Venezuela, odio lo mucho que te amo

Estoy cansado, sofocado, hastiado. No logro conciliar bien el sueño y cada vez la línea que delimita mis pesadillas y mi realidad, se difumina más. Poco a poco esos monstruos ficticios corroen mi alma, y ya no tengo esa certeza de que “todo estará bien”. Es Venezuela quien me hace sentir así.

La última semana fue extraordinaria para mi vida. Estuvo plagada de situaciones con personas que aportaron dicha, alegría y satisfacción. Pero no hay manera posible de disfrutar los momentos positivos e ignorar el contexto. Mientras yo reía, un joven de mi edad ponía en riesgo su futuro para luchar por sus ideales, otro se despedía del país cabizbajo y con el corazón hecho trizas, y seguramente otro respiraba su último aliento antes de abandonar este mundo por obra y gracia del régimen de terror y muerte en el que se ha sumergido Venezuela.

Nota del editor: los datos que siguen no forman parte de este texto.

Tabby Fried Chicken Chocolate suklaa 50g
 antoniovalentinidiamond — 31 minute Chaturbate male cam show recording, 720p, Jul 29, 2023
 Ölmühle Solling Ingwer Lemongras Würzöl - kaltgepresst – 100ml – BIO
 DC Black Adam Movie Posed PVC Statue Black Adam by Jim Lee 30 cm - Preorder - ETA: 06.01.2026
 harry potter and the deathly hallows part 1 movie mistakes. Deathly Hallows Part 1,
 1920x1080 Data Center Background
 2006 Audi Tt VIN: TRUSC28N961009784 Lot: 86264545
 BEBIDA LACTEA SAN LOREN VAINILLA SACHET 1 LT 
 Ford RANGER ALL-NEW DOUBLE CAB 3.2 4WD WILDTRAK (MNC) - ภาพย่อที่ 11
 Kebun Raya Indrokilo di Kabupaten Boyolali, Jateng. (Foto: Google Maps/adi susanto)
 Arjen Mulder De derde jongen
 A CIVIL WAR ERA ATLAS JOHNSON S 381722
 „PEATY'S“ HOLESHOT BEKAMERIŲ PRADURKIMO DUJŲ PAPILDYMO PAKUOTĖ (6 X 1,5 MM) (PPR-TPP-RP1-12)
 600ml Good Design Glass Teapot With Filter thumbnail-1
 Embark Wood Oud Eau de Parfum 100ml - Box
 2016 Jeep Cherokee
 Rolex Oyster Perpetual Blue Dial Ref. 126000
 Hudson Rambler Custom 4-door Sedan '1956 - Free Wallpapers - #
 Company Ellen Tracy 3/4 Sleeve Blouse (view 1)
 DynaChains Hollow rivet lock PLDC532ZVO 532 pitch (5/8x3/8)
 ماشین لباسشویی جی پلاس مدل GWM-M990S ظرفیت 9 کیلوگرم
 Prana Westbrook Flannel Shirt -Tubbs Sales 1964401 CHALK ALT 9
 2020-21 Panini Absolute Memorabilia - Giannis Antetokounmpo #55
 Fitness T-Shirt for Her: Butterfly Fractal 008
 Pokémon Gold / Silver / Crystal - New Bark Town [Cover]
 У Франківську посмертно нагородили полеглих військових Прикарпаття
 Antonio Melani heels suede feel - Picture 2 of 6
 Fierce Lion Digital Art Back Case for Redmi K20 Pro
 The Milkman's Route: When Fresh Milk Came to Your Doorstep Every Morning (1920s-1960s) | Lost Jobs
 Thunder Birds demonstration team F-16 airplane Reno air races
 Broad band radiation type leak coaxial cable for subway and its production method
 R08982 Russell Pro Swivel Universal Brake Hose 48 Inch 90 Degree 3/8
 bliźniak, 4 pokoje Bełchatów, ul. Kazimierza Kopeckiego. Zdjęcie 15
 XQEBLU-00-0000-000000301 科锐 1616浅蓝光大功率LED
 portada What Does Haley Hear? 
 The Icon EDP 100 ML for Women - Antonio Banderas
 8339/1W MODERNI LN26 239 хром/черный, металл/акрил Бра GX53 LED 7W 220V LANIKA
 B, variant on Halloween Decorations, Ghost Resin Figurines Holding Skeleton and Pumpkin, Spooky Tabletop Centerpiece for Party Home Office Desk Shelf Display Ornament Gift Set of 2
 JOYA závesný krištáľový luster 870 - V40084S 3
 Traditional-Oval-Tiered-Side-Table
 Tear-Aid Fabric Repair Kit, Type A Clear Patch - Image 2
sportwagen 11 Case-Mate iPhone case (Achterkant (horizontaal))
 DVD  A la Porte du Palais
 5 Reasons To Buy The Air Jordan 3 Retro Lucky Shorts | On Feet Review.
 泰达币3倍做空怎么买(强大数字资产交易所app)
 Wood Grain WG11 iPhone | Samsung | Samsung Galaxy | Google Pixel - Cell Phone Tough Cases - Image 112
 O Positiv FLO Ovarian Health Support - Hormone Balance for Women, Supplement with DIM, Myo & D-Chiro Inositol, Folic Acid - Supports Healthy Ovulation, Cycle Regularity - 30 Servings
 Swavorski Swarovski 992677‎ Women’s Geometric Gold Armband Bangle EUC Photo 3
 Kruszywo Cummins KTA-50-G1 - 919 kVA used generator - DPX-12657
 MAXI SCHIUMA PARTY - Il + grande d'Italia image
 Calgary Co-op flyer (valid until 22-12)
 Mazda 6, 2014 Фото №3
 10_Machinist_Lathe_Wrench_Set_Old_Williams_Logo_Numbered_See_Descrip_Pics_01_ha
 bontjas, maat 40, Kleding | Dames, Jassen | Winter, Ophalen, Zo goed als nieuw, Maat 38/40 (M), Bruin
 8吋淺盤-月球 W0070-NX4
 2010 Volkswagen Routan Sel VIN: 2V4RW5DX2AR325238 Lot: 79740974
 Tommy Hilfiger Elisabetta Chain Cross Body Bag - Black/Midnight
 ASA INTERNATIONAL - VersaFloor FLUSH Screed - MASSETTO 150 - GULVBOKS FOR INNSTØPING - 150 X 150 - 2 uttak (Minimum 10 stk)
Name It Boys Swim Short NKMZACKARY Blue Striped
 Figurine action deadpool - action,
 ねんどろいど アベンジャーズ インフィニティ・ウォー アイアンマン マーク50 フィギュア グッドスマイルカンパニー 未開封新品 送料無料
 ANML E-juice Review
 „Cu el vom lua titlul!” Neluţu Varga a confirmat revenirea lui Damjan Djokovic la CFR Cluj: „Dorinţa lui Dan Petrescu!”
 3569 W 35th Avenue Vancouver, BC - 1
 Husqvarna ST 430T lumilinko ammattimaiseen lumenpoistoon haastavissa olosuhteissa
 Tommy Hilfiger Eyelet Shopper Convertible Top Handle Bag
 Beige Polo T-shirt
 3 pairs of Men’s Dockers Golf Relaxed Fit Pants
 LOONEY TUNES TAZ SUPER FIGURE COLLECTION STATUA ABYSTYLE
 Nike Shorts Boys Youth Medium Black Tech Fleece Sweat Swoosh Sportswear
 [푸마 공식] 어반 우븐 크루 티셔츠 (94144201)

Hace escasas semanas estaba ilusionado, de verdad creía en el cambio, en un destino incierto y mejor, en un amanecer más cálido y unos colores más vivos. Hoy en cambio, lo veo todo en blanco y negro. Me cuesta encontrar el optimismo y la esperanza del ayer.

La rebelión progresivamente se calma, los mártires siguen cayendo y el mal permanece inexpugnable. Los tiranos se frotan las manos esperando el momento para hincar sus colmillos en los carneros que deben ser sacrificados para saciar sus ambiciones.

Los deseos, sueños, esperanzas e ilusiones del pueblo dejaron de pesar. En Venezuela ahora reinan el hambre, la desidia, la desesperación y el abandono… Este no es mi hogar.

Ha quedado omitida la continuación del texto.